CoRncrete: A corn starch based building material (2017)

Material properties and limitations

  • Mix is mostly sand with cornstarch as binder; analogy drawn to how concrete is named by binder (cement) despite being majority aggregate.
  • Reported compressive strength ~26 MPa: comparable to basic “driveway” concrete but far below high‑strength structural concretes (40–200 MPa).
  • Major flaw: degrades partially or completely in water within about a day. Likely needs sealing; some doubt it could ever be a general building material.
  • Not fire‑resistant due to organic binder; contrasted with Portland cement’s suitability for structural, fire‑rated applications.
  • Biodegradability and susceptibility to ants/rodents are raised as further concerns for long‑term use.

Environmental impact and scalability

  • Several comments note that, as currently produced, cornstarch has a life‑cycle carbon footprint similar to Portland cement, so there is no clear emissions win.
  • Debate over how heating energy for curing was treated in the LCA; unclear assumptions about grid cleanliness.
  • Global production constraints: even diverting all corn (and its starch fraction) might not cover a quarter of current cement demand, which is expected to grow.

Potential niches (space and temporary structures)

  • Water‑solubility seen as a bug on Earth but potentially acceptable on the Moon/Mars, where there’s little liquid water and starch might piggyback on food production.
  • Counterpoint: importing starch to the Moon is costly; space construction research tends to prefer in‑situ materials (regolith, ice).
  • Historical parallels with “staff” and other temporary materials raise the idea of deliberately short‑lived or biodegradable architecture, though safety and replacement energy costs are concerns.

Comparisons with other low‑carbon approaches

  • Other pathways to decarbonize concrete:
    • Electrifying cement kilns and capturing kiln CO₂.
    • Structural design that uses less concrete (optimized beams/floor systems).
    • Alternative bio‑materials like mycelium, hempcrete, strawbale, bagasse boards, and advanced wood products, each with their own trade‑offs.

Food, land use, and biofuel parallels

  • Strong concern about diverting food crops to materials, echoing earlier corn‑ethanol debates and food‑price impacts.
  • Some argue there is global food surplus if waste and distribution were fixed or if ethanol corn were redirected; others stress topsoil and arable‑land limits.

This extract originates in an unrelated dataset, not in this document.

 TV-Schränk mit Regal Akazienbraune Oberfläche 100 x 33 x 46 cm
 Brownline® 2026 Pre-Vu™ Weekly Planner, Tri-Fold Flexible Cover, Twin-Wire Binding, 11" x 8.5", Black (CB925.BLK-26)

Policy, economics, and greenwashing

  • Many view cornstarch‑based materials as another potential outlet for overproduced, subsidized corn rather than a climate solution.
  • Long digression into biofuels: multiple comments frame corn ethanol as farmer/agribusiness subsidy and “green” pretext, with government reports and propaganda cited on both sides.
  • Broader skepticism toward “environmentally friendly” branding and subsidy‑driven boondoggles (e.g., solar roadways, offshore wind in some critiques).

Meta and research value

  • Commenters appreciate that a peer‑reviewed paper with largely negative practical results exists; it sets expectations and makes future hype or crowdfunding schemes easier to scrutinize.
  • The thread is generally glad to see experimental binders explored but treats corncrete as an instructive dead end or niche material rather than a general cement replacement.